I don't know what's in my freezer except for my staples. I just dig around until I find something that will do. When I start getting toward the bottom I often find things that I forgot I had long ago, and so they're nice surprises. I just found a dozen pasture raised chicken heads I thought were gone months ago. 

What I always have:
Beef Heart
Chicken Heart
Liver and two other organs. 
Some kind of smaller bony meat like Chicken or Duck Feet, Chicken or Duck Necks
Some kind of larger bony meat like duck frame, turkey necks, pork shoulder roast, etc. 

And then I usually have 5-6 other things I toss in for variety. I like things to be a surprise to myself, so I package less common boneless in the exact same kind of containers and it's an eeny-meeny-miny-moe thing to see what they get that day. 
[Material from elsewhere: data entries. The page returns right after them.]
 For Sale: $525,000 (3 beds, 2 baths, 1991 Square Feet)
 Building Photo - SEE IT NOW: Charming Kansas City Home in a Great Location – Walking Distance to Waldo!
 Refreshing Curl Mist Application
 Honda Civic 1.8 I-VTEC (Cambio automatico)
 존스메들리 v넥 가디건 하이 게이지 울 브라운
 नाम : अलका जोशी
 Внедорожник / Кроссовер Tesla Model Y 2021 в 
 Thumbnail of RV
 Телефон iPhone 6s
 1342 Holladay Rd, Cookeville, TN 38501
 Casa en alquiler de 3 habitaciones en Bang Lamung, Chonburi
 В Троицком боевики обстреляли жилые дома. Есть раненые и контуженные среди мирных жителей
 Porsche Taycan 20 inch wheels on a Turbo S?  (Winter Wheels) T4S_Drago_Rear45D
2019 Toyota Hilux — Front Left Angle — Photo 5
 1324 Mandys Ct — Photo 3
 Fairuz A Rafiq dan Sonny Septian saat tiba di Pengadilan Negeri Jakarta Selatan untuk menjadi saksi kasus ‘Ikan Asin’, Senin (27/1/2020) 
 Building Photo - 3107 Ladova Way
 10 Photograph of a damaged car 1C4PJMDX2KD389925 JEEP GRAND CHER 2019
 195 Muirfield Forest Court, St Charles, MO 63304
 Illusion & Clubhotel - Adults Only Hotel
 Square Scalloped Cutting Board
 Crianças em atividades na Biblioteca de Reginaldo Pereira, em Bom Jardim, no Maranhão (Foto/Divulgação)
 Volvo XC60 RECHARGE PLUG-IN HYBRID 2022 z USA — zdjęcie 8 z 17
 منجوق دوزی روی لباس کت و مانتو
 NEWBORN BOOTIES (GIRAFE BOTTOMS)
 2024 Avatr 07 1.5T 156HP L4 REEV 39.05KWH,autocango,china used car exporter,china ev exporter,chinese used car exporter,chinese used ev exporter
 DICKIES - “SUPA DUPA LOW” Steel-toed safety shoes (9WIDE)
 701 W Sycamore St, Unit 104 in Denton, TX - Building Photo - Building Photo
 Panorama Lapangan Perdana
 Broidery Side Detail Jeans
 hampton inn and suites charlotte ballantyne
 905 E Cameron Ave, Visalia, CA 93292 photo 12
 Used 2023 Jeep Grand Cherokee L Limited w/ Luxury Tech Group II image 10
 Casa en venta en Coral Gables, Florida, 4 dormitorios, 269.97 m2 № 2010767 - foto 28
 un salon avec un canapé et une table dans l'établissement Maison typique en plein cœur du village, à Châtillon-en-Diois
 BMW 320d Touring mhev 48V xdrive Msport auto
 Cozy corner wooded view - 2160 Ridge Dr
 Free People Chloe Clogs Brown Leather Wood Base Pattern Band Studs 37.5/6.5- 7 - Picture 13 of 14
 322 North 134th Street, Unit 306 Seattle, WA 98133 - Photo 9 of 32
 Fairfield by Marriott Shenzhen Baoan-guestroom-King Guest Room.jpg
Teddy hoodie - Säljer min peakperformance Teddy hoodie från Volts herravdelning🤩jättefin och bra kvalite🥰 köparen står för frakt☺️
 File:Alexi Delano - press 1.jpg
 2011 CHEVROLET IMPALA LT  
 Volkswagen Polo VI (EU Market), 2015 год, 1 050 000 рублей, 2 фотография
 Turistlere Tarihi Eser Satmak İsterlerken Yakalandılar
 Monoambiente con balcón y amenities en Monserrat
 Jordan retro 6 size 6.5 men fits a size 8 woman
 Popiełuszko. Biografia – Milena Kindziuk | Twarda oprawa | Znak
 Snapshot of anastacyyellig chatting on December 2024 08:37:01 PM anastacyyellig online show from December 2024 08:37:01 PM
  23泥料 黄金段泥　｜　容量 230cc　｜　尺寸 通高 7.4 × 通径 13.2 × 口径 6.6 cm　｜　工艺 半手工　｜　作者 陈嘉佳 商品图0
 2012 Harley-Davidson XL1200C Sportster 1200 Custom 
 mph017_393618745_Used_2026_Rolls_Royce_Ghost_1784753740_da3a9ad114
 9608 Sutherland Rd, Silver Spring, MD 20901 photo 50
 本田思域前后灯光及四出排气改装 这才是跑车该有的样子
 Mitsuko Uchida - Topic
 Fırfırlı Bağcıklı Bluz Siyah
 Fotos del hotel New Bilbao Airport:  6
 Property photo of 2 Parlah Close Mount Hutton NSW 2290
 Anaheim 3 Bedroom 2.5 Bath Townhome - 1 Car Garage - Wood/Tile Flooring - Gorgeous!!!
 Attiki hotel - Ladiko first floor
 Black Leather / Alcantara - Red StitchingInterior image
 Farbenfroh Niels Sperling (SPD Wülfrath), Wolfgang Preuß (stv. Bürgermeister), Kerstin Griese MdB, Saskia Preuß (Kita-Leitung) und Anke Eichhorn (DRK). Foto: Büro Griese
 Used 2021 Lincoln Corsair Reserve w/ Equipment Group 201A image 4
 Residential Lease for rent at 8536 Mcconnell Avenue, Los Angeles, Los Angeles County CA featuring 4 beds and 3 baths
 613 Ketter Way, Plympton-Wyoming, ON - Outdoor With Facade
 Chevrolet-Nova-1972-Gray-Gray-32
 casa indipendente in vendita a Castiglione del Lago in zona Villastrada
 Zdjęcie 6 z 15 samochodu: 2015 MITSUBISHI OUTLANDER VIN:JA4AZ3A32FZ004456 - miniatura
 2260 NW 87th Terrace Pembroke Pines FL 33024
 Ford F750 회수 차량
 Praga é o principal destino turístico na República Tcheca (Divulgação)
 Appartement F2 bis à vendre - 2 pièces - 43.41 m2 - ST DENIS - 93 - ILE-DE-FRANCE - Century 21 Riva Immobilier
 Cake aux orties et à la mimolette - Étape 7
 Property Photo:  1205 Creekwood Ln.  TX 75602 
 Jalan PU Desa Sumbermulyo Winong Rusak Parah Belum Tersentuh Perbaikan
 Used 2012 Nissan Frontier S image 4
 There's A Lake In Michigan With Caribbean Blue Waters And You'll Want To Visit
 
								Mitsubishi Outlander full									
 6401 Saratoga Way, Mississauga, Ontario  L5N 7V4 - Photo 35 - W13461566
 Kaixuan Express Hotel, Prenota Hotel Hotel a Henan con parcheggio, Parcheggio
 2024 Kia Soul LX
My freezer looks like a bomb exploded in it. Everything is just tossed in there willy nilly. My dogs and I are all surprised at their meals, but every day they get beef heart and/or chicken hearts.


----------



## naturalfeddogs

Lately, mine has been beef cheek, pork, chicken quarters, turkey thighs, chicken heart, beef/calf liver and now deer. I'll be so glad when I get to order from RFM and add more to it. Things have been a little tight around here lately. I want more beef hearts and lamb.


----------



## OldGnarlHead

As soon as we have room we'll be ordering from RFM or Hare Today. Both definitely have their merits and one usually has better prices than the other on certain things (e.g. duck gizzards and rabbit heads) We're probably going to get mostly organs, but who knows.


----------



## OldGnarlHead

Oh, we also use expo marker to mark on the top of the freezer what all we have  its pretty awesome.


----------



## naturalfeddogs

OldGnarlHead said:


> Oh, we also use expo marker to mark on the top of the freezer what all we have  its pretty awesome.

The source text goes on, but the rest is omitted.